Lab sessions were introduced so that students would get hands-on experience with whatever they learn. However, not all labs go as they are intended. They either follow a mundane list of to-do things or are just plain boring. Many schools and colleges don't use safety equipment either. I heard of a student at NTTF who lost an eye when a piece of metal shot into his eye while he was working on machining it.

How to improve:

Use safety equipment. There's no excuse.
Use half the lab time to allow students to practice what the lab manual stipulates and the other half, where the teacher challenges them to try creative things (that aren't dangerous) to tweak their existing understanding and see what happens if they try something different. This is a precious childhood trait we all have, which gets crushed by years of disciplining. It helps to unleash this trait in a safe, controlled environment and observe how learning actually becomes fun.

4. Scrap the written exam

Every student learns differently and at a varied pace. You can't put everyone in a similar class with horrible teachers and expect them to actually learn.
In all those subjects I didn't score well, my parents, relatives and I used to think I was too dumb to learn. In later years I learnt that it was the above three points that made the subject boring and un-learnable. The subject was actually easy. It was very interesting too, when I looked at it after many years. Yet, at the time I studied it it seemed horrible.
Moreover, many of those who were extremely adept at memorizing information and reproducing it with perfection in the exam hall were clueless when they were asked to generalize and creatively apply the concept. They didn't even know where to start.
A high score in an exam does not mean the student is intelligent. It means they have the capability to assimilate information and remember it for longer than others. This does not mean they would be able to apply the concept well in real-life.
So when you hire people into your organization, think about the role. If all you want are people who do what they are told, go ahead and hire those with a high GPA. If you want people who love applying concepts and building things, hire those who create their own personal hobby projects. One crucial point to note is that you shouldn't manage the latter bunch of people in the same way as you'd manage the former. The creative bunch of people deserve a lot more trust, freedom of thought and expression. If you constrain them, it's as good as having not hired them at all.

How to improve:

Either scrap the written exam altogether or create two types of exams that students can choose from. One exam which is the typical exam where people can memorize things and write it. Another exam where students are given challenges to apply what they've learnt and even come up with new discoveries. Don't make goldfish climb trees. Don't crush the confidence of children by showing them a written-exam score which does not really tell them anything about their innate skills.

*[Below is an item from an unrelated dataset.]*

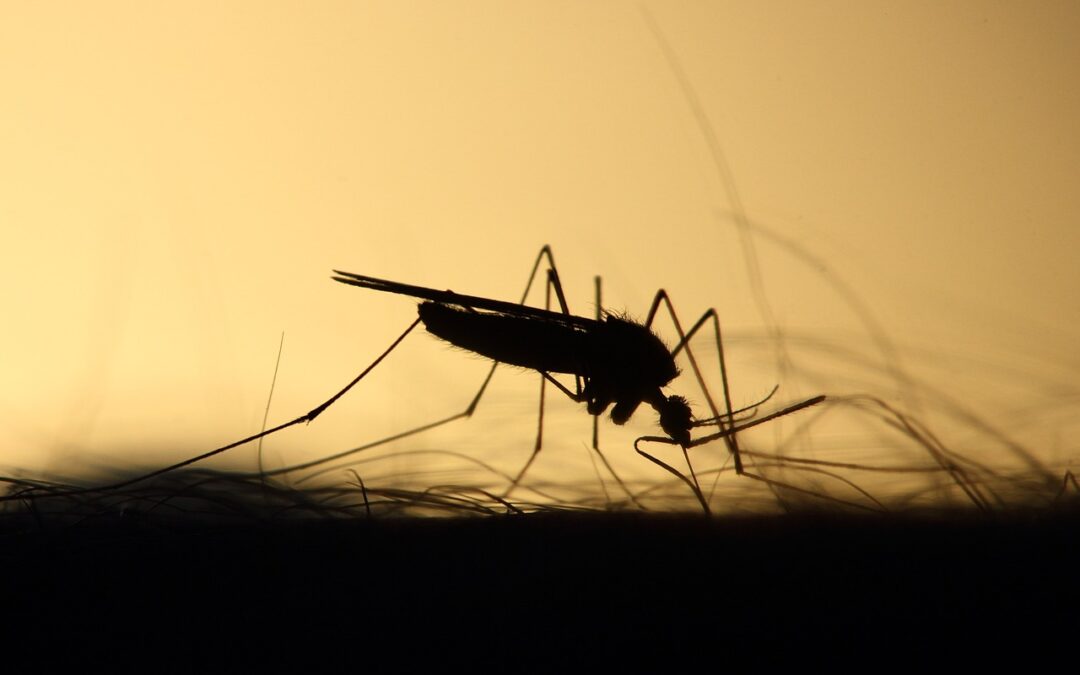 Natuurlijke bescherming: essentiële oliën tegen muggen en muggenbeten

Perhaps the education system would only be able to change once the industry starts being more specific about the kind of people it hires. Our roads are in a bad shape today because of people who don't really care about creating good roads. Many doctors can't diagnose patients well because they never really wanted to become a doctor. Many engineers disregard safety and design best-practices because they never really wanted to be engineers. You can see this in every other profession: Religion, politics, education, manufacturing, sales, aviation...

Isn't it time we had a system which could evaluate children for what they are best at, and allowed them to pursue that as a career interest? To allow people to pursue what they love doing and are good at doing. If anything, it'll lead to a happier, more comfortable world to live in.